# Analysis + Fubini's Theorem

1. Mar 1, 2006

### Pearce_09

hello,
I am having trouble with this problem involving Fubini's Theorem. I have done a question already similar to this ( i will post it as well ), but this question is a bit different, which is causing the problem.

(question that i have completed)

Let f be the function on Rdefined by
$$f(x)=\left{\begin{array}{cc}1,&\mbox{ if } x is rational \\0, & \mbox{ if } x is irrational \end{array}\right$$
show that $$\int f(x)dx$$ does not exist for any a<b
(a and b are the endpoints for the integral)

sollution:
consider inf sums and sup sums.

Inf sum: I = $$\sum_\alpha (inf f) \Delta x$$

sup sum: S = $$\sum_\alpha (sup f) \Delta x$$

inf-sum $$\leq \int f \leq$$ sup-sum

therefor by inspection
inf f = 0 and sup f = 1
therefor
I = $$\int f_{inf} = \int 0dx = 0$$
S = $$\int f_{sup} = \int 1dx = 1$$

so S-I cannot be made < $$\epsilon$$
__________
( now the problem i cant seem to figure out )

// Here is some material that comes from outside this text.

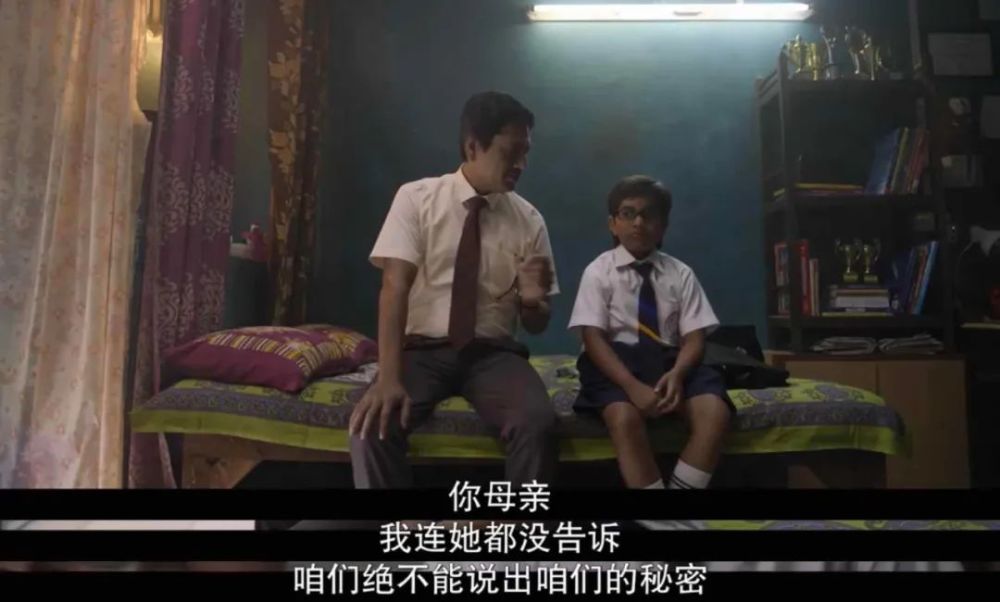 阿雅安|骗了10亿人的超级网红，被这部新片戳穿了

Let f be the function on $$R^2$$ defined by

$$f(x)=\left{\begin{array}{cc}1,&\mbox{ if } x is rational/ and y =0, 1/2, or 1\\0, & \mbox otherwise\end{array}\right$$

and R the square R = {(x,y) $$are in R^2: 0 \leq x \leq 1, 0\leq y \leq 1}$$ determine if the integral exists.

show that $$\int_R f(x)dxdy$$
______
that is the question... now it is similar to the one i have done but y is involved.. now im confused.. because does it make that much of a difference.
i know i have to consider the inf and sup sums again. but what i dont know is the values of the inf and sup sums. Is it 0,1 again. any help is amazing and greatly appreciated.
(in this problem instead of integrating once i would do it twice.. now would that give me 2 inf and 2 sup sums.. or somthing different?)

also if there is any confusion ill try to clear it up??